Given that Pseudomonas dominate in microbial community and As-resistant bacteria in sample LDS (Table S5 and Figure 1), metabolic potentials of Pseudomonas stutzeri bin were further analyzed (Figure 3). The results show that Pseudomonas stutzeri could intake a variety of substrates, such as nitrate, nitrite, urea, phosphate, arsenate, sulfate, glucose and some amino acids, as well as iron, molybdate and zinc, some general cofactors of enzymes. These transporters of substrates provide a precipitate for intracellular metabolisms. The pathways of DNRA, denitrification, nitrogen fixation, ammonification, assimilatory sulfate reduction, glycolysis, citrate cycle and As-resistance are all found in the genome of Pseudomonas stutzeri bin. It was reported that Pseudomonas stutzeri is a well-known heterotrophic denitrifying bacterium, and some strains simultaneously possess the capacities of denitrification, nitrogen fixation and DNRA64,72. We thus propose that Pseudomonas stutzeri utilizes organic matter as energy and electron source to produce ammonium as well as reduce cytoplastic arsenate and pump-out arsenite to alleviate the stress of As, which leads to the accumulation of arsenite and ammonium in sample LDS. The co-existence of carbon-, nitrogen- and As-related corresponding genes in the genome of bin 2 and bin 3 supports this assumption (Table 1). In addition, a total of 11 complete genomes of Pseudomonas stutzeri strains retrieved from NCBI bacterial genome database also demonstrate that the As-resistant pathway is concomitant with denitrification, DNRA and ammonification (Table S7). Therefore, these ammonium-producing bacteria featuring ars operon may be main contributors to the transformation of arsenate to highly mobile arsenite in sample LDS.
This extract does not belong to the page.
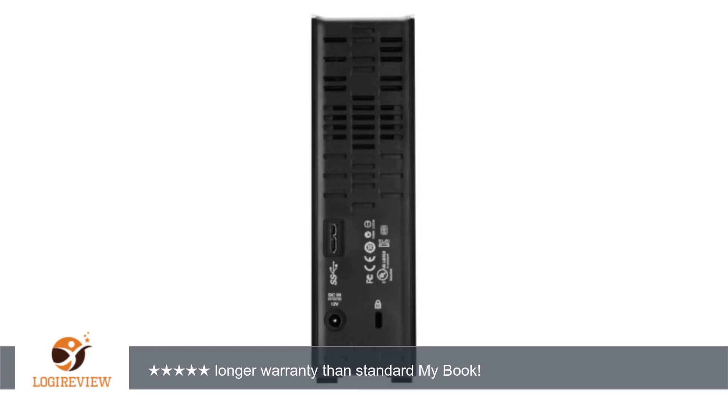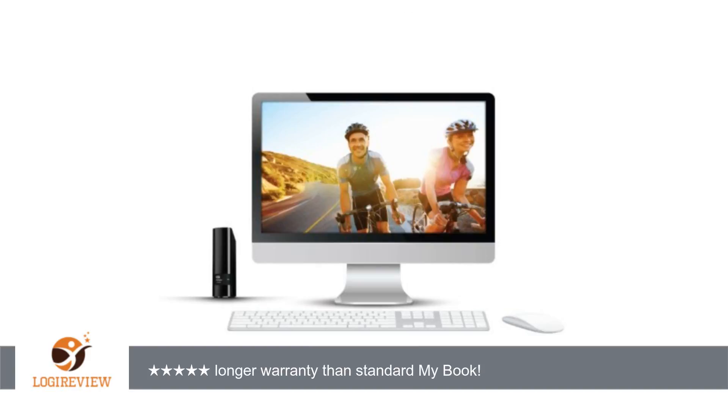Honestly, I've owned many hard drives over the years and had to use the warranty multiple times to replace failing drives. To me, the extra $10 Mac tax is worth it for the extended year warranty.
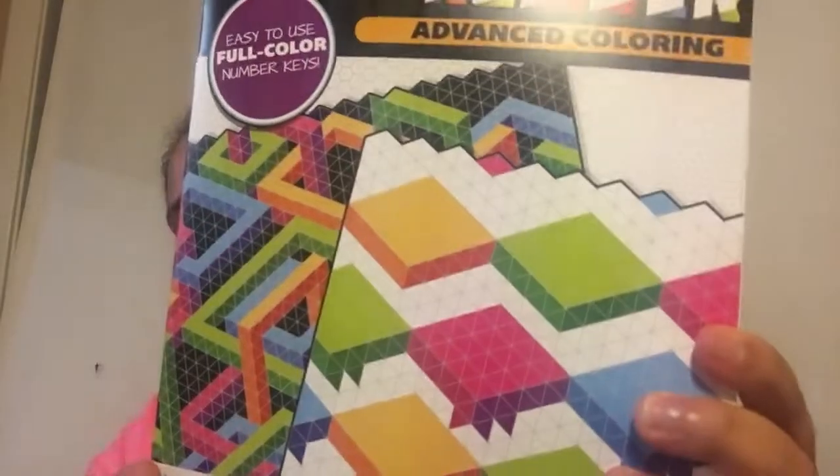We like to do different types of crafts — color by numbers, activity books. My favorite things are fill-ins, especially number fill-ins. I guess I'm just old like that. I always did it with my grandma, so that's probably why. The first thing is this color by number advanced coloring book.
Mechanism of As mobilization

The reductive dissolution of iron oxides is the main mechanism of As release in young groundwater systems with reducing condition3,73. Based on the microbial compositional and functional results from this study, we propose the pathways for arsenate release and reduction in sample LDS (Fig. 4). In this study, the iron-reducing bacteria, such as Geobacter and Ferribacterium, possibly initiate arsenate release by reductive dissolution of As-bearing iron oxides2,13. The competitive adsorption of phosphate may also contribute to a small fraction of dissociated arsenate5. The desorbed arsenate is subsequently reduced to highly mobile arsenite by some nitrogen-metabolizing bacteria featuring ars operon, such as Pseudomonas stutzeri58,64. Organic matter provide carbon and electron sources to fuel above biogeochemical processes11,74. As a consequence, high levels of ammonium, ferrous iron and arsenite were present in groundwater sample LDS (Table S1).

Figure 4
figure 4

A schematic description of As mobilization mediated by microorganisms in groundwater sample LDS. OM refers to organic matter. Iron-reducing bacteria refer to Geobacter, Ferribacterium and other microorganism which are able to utilize iron as electron acceptor. N-metabolizing bacteria mainly refer to N-transforming bacteria featuring ars operon, such as Pseudomonas stutzeri.